According to the second aspect of the present invention, since the idle intake air amount adjusting valve provided in the bypass passage connecting the upstream side and the downstream side of the throttle valve is fully closed, the number of revolutions is reduced simply and reliably. be able to.

According to the third aspect of the present invention, since the ignition timing is retarded, the number of revolutions can be easily and reliably reduced.

According to the fourth aspect of the present invention, since the thinning ignition is performed, the number of revolutions can be easily and reliably reduced.

According to the fifth aspect of the present invention, since the ignition of any one of the plurality of cylinders is stopped, the rotational speed can be easily and reliably reduced.

According to the sixth aspect of the present invention, the idle speed control valve is fully closed, the ignition timing is retarded, the thinned ignition is stopped, and the ignition is stopped. Can be reduced.

[Brief description of the drawings]

FIG. 1 is a configuration diagram of a control system.

FIG. 2 is a side view of the engine of FIG.

FIG. 3 is a plan view of FIG. 2;

FIG. 4 is a block diagram of rotation control of the outboard motor.

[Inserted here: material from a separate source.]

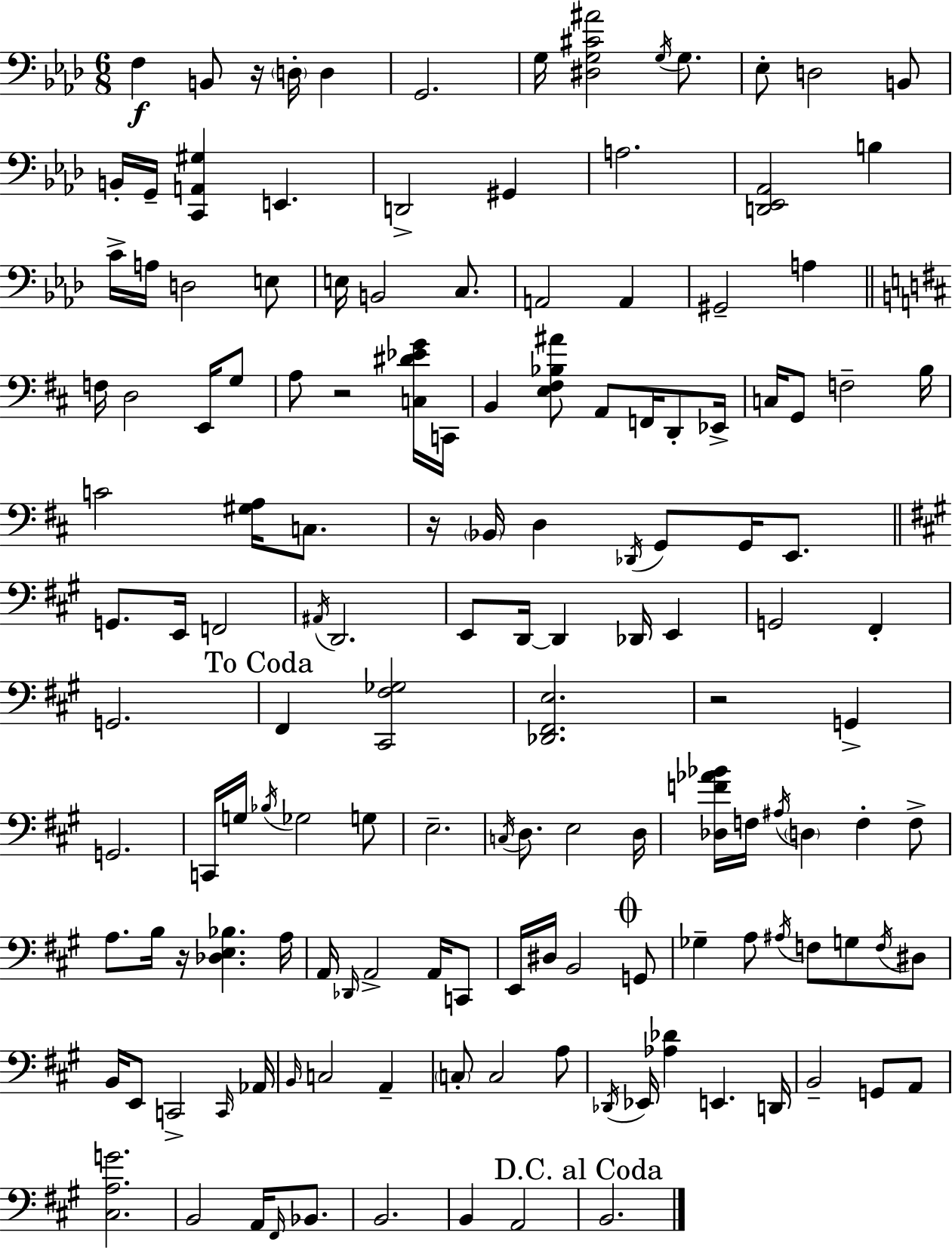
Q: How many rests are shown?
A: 5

FIG. 5 is a flowchart of rotation control of the outboard motor.

[Explanation of symbols]

 DESCRIPTION OF SYMBOLS 1 Outboard motor 4 Propulsion device 6 Engine 10b Forward bevel gear 10c Reverse bevel gear 11 Propulsion shaft 15 Forward / reverse switching device 17 Throttle valve 42 Engine control unit 100 Speed control means

Continued on the front page F-term (reference) 3G019 AA05 AA10 AC09 BB18 CB01 GA05 GA08 GA09 GA11 GA13 GA20 3G022 AA00 CA00 DA02 DA07 GA01 GA05 GA07 GA08 GA09 GA11 GA20 3G084 AA08 BA06 BA16 BA17 CA08 DA03 FA02 FA06 FA10 FA3 FA30 FA33 FA33 KA07 KB10 LA00 LA04 NE23 PA07Z PA10Z PA11Z PA14Z PE01Z PE05Z PE08Z PF07Z

Claims (6)

[Claims] A throttle valve for controlling an intake flow rate;
An engine speed detecting means for detecting the engine speed, and a forward / reverse switching device for transmitting the output of the engine to the propulsion device. The forward / backward switching device propulses either the forward or reverse bevel gear by a dog clutch. In an outboard motor configured to be coupled to a shaft or not to both, a rotational speed control unit that reduces the rotational speed when the throttle valve is fully closed and the rotational speed is equal to or higher than a predetermined rotational speed after a predetermined time has elapsed. An outboard motor, comprising: 2. The system according to claim 1, wherein said rotation speed control means fully closes an idle intake air amount adjustment valve provided in a bypass passage connecting an upstream side and a downstream side of the throttle valve. Outboard motor. 3. The outboard motor according to claim 1, wherein said rotation speed control means retards the ignition timing. 4. The outboard motor according to claim 1, wherein said rotation speed control means performs thinning ignition. 5. The outboard motor according to claim 1, wherein said rotation speed control means suspends ignition of any one of the plurality of cylinders. 6. The system according to claim 1, wherein the rotation speed control means is a combination of any of a fully closed idle intake air amount adjustment valve, a retarded ignition timing, a thinned ignition, and a suspension of ignition. Outboard motor.